If they’re the wrong results, well, you’ll have to discuss that and revisit them. Sometimes this means jigsaw puzzling sort-of non-quantified results into a quantified result that isn’t exactly what you want, but instead serves as a suitable signifier of the less quantifiable stuff.

Results trump everything.

Really. Seriously. If the results are set up correctly, understood by all parties, and roll up into the bigger vision, then they bear an argument all their own.

In this sense, quantity has a quality all its own. Getting results accomplished makes everyone look good. There’s a lot of other things to say about Zuck, but ‘Move fast and break things’ did make him a billionaire.

If you don’t know what good results are, that’s your fault.

If you’re leading a team, a remote team or a more traditional team or even a sports team – if you can’t tell me right now what OK, Good, and Outstanding results from each person on your team would be, that’s not their fault. That’s your fault.

It’s very easy to blame a person on the team, or a tribal mechanism at your workplace, or “Oh, well, she’s remote you know” – but these are all really crummy excuses. Talk to your team.
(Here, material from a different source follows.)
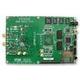 BOARD DEMO 40MSPS LTC2264-12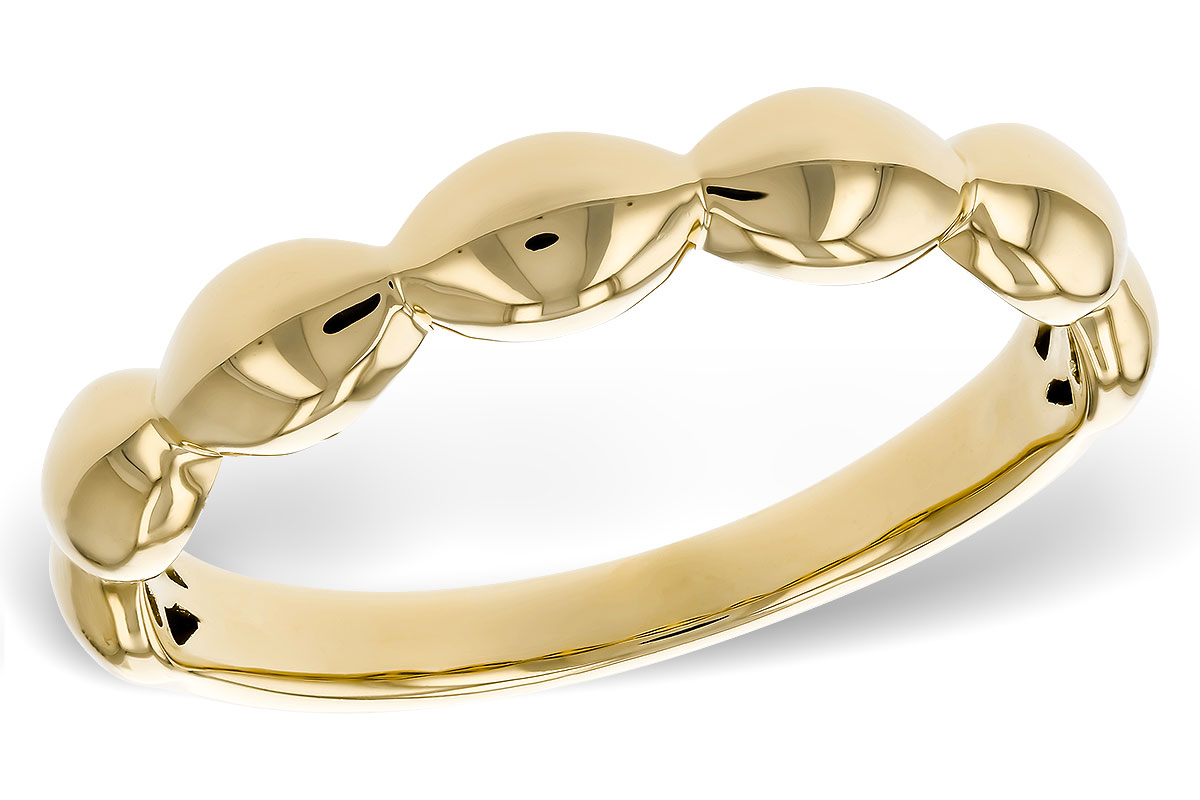 H311-33508: LDS WED RG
Figure out what matters to them and find a way to fit the Venn Diagram of their skill set and the company vision.

That’s what the real job of the team lead is, regardless of if the team is remote.

Good results, good communication, good performance.

If your current understanding of performance doesn’t translate to remote workers or remote teams, that isn’t a problem of remote work – it’s a problem with your understanding.

Remote teams are all about communication, in all directions. If your current understanding of performance requires you to observe folks in action, you need to find a better way to think about, establish, and communicate the results that matter.

To answer the question from before, if a member of my team is putting out solid results and communicating them transparently, they can play Playstation all afternoon if they want to.